Долгие периоды скуки разбавлялись случайными нарушениями привычной рутины. Однажды, когда в дверь квартиры Войтеков постучала соседка, мать Нелли Ландау, торопясь вернуться в потайную нишу в их комнате, уронила клубок красной шерсти, и неосознанно попыталась протащить его за собой под дверь. Увидев, как клубок шерсти катится по полу, соседка тут же спросила, кого это прячут Войтеки. К счастью, Нелли оборвала нить со своей стороны двери как раз вовремя, и хозяин смог убедить любопытную гостью, что клубок выкатился случайно. Моменты близкой опасности, подобные этому, оставляли неизгладимый след, и Нелли запечатлела это происшествие на одной из своих картин [44].
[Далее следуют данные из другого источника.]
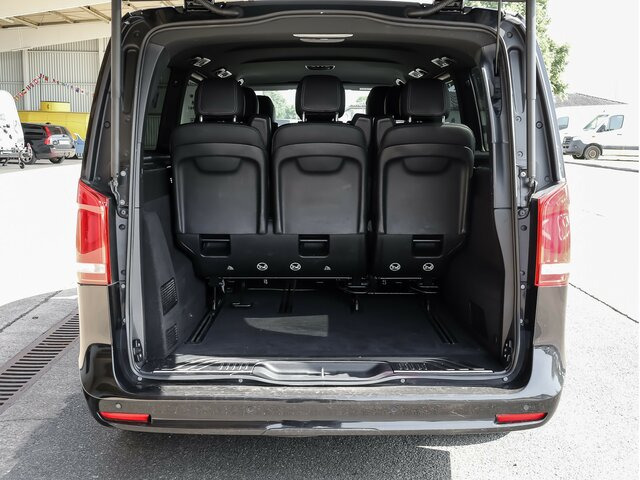 MERCEDES-BENZ V 300 Avantgarde Extralang,2xSchiebetür elektr. - Minibus, Pulmino: foto 2 MERCEDES-BENZ V 300 Avantgarde Extralang,2xSchiebetür elektr. - Minibus, Pulmino: foto 2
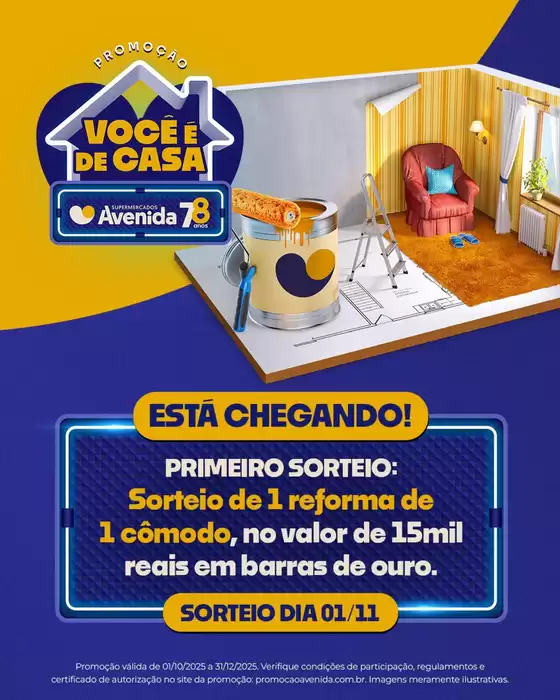 Catálogo Rede Troyano de Supermercados em Dracena | Grandes descontos em produtos selecionados | 2025-10-29T00:00:00.000Z - 2025-12-31T00:00:00.000Z
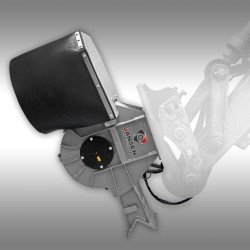ROGNEUSE DE SOUCHE HYDRAULIQUE BSF-50B EXCAVATRICE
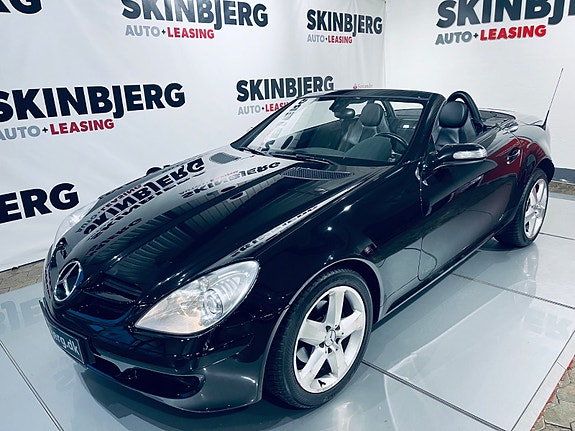 Mercedes SLK200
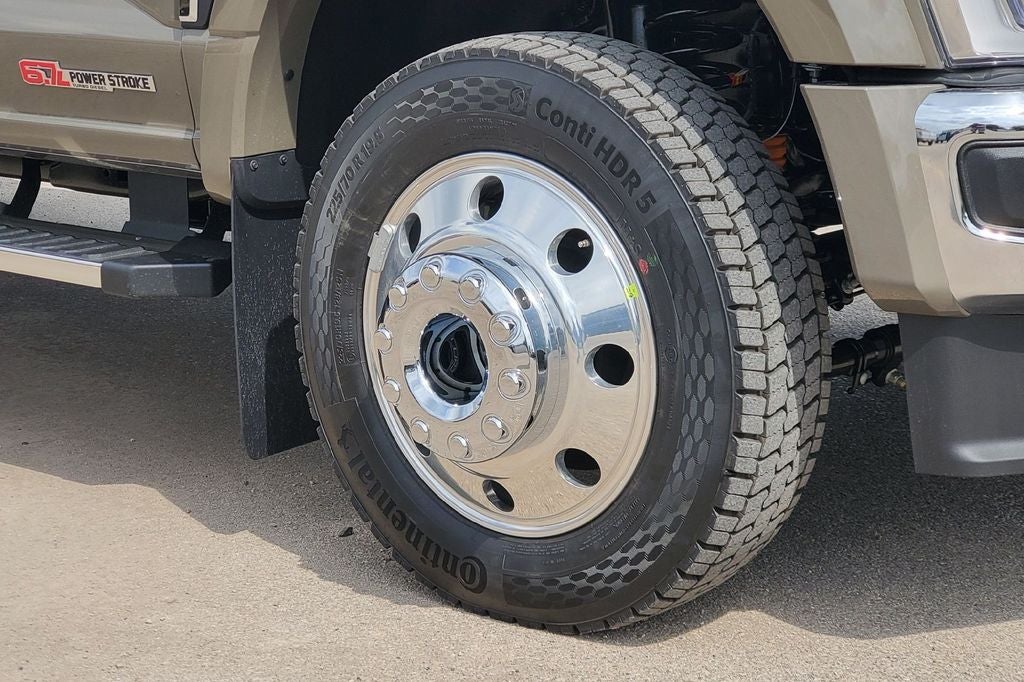 2026 Ford F-450SD DRW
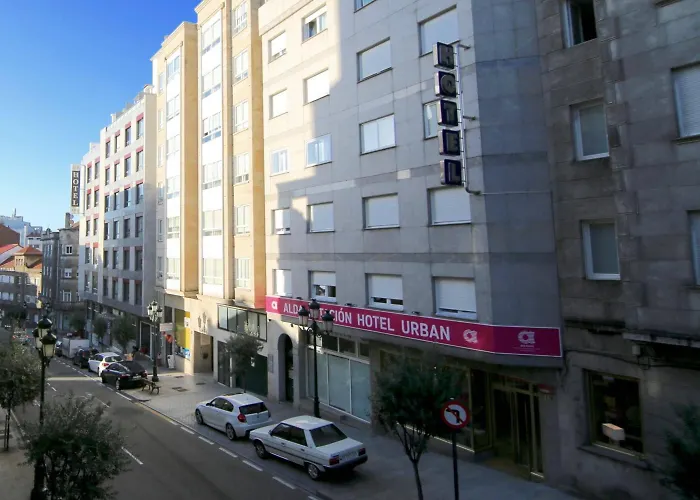 Alda Estacion * Виго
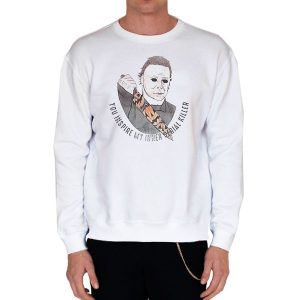 Quote Michael Myers Halloween T Shirts Cheap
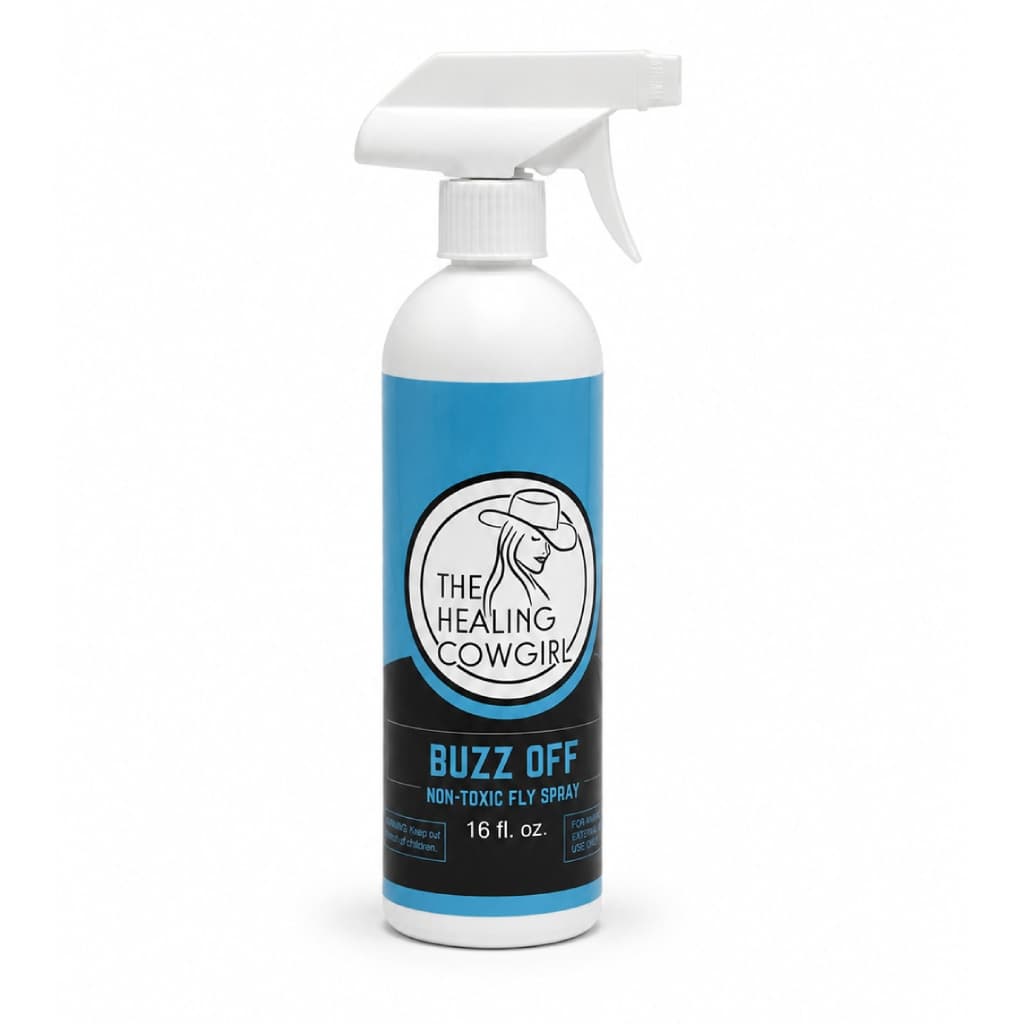 Buzz Off Non-Toxic Fly Spray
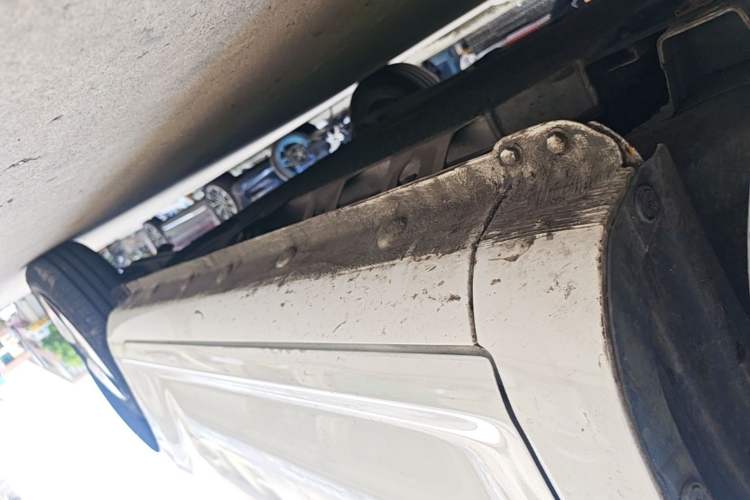 Used CHANGAN NEVO Lumin 2022 301km Honey-Sweet Version Left Side Sill
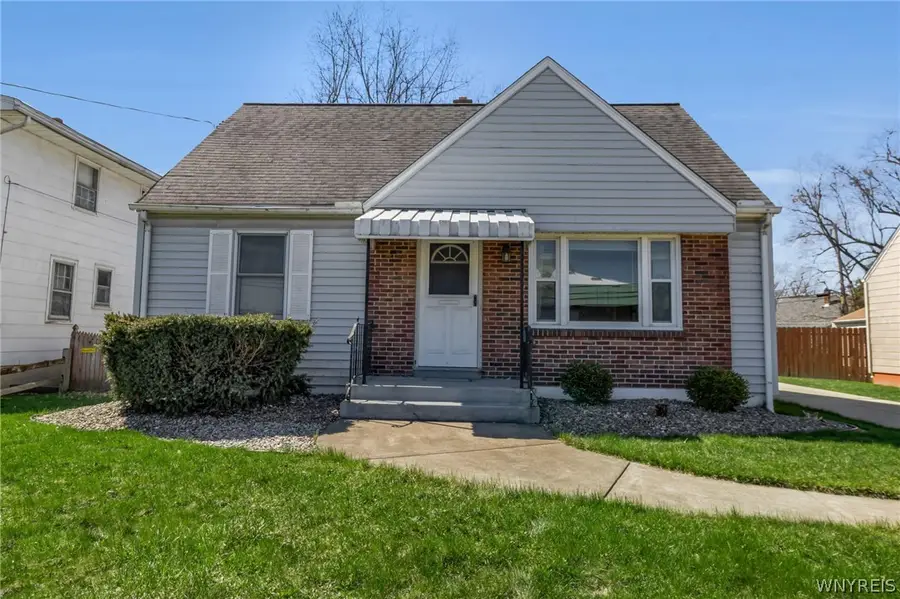 3006 Eggert Road, Tonawanda, NY 14150 - #2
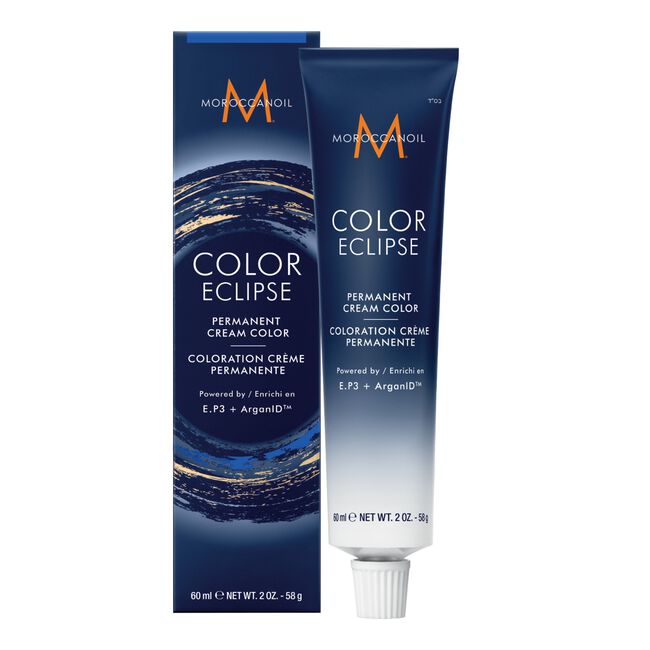 Color Eclipse 9NB-9.01 Very Light Natural Ash Blonde Permanent Cream Color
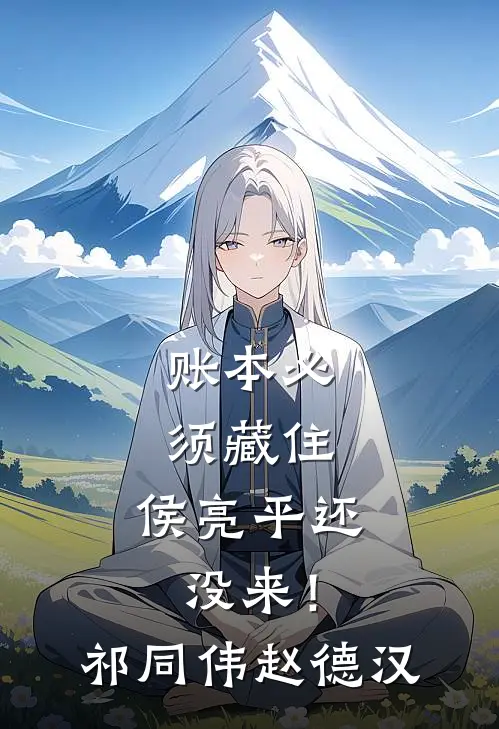 账本必须藏住，侯亮平还没来！祁同伟赵德汉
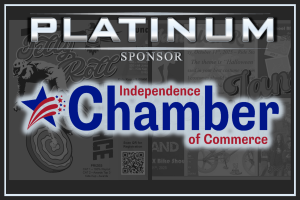Sponsor Logo for Independence Chamber of Commerce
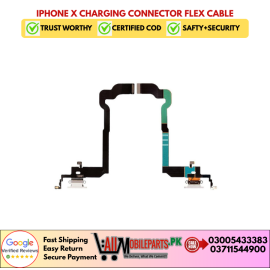 Apple IPhone X Charging Connector Flex Cable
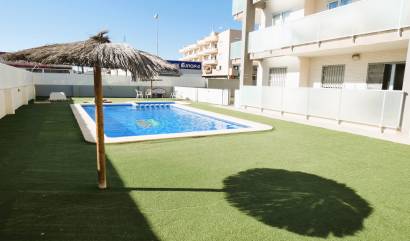 Revente - Apartment - Cabo Roig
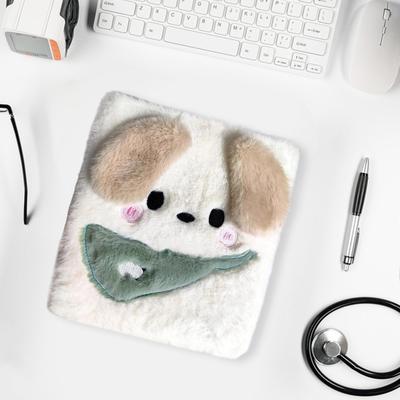 Photo Album Plush A6 Soft Binder Photo Card Holder For Collection Personal Party Daily Travel Memory Lifestyle School Home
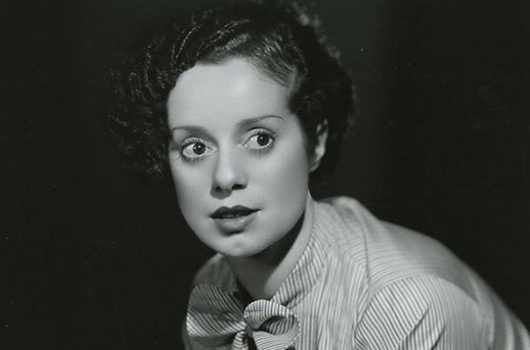 Elsa Lanchester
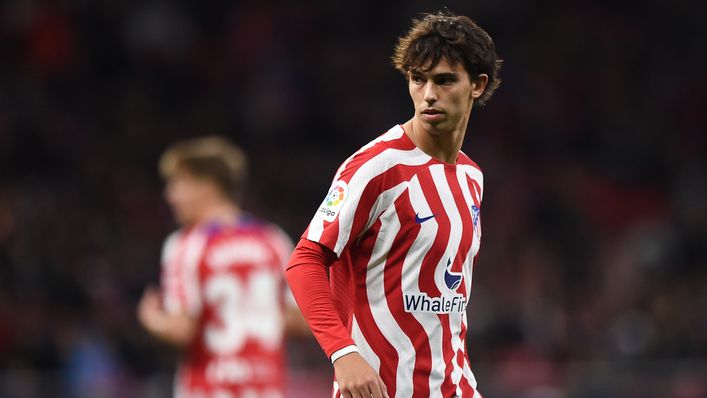 Joao Felix has been offered to Arsenal, Manchester United and Chelsea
В небольших городах и в сельской местности еврейские дети, бежавшие из гетто от ликвидации, сдавались на милость местных крестьян. Некоторые крестьяне слишком боялись, что об этом узнают немцы, и прогоняли детей. Другие принимали детей к себе и объявляли их своими племянниками или племянницами, или использовали их как дешевых подсобных работников в сельском хозяйстве. Кто-то прятал их у себя, несмотря на риск доноса от соседей или даже родственников, в выкопанных под сараями потайных землянках. В этих влажных и замкнутых пространствах глаза детей постепенно отвыкали от света, мышцы атрофировались, и они начинали страдать респираторными заболеваниями (если им удавалось остаться незамеченными и выжить). Каждый раз, когда Давиду Вульфу и его матери приходилось менять убежище, она пыталась подготовить своего семилетнего сына к тому, что немцы могут поймать их и расстрелять. Давид спросил, очень ли это больно, и сказал ей, что хочет, чтобы их обоих застрелили одной и той же пулей. После того как местные фермеры и группа польских партизан присоединились к охоте за бежавшими из Краковского гетто евреями, их новые убежища стали еще более темными и глубокими. Когда мать Давида предложила ему нарисовать их дом и сад, а над ними небо и солнце, он признался ей, что уже «забыл, как выглядят небо и солнце». Вместо этого он лепил из собранной со стен землянки глины танки, пушки и корабли. Кроме того, Давид научился читать по-немецки и выучил наизусть стихи Генриха Гейне [45].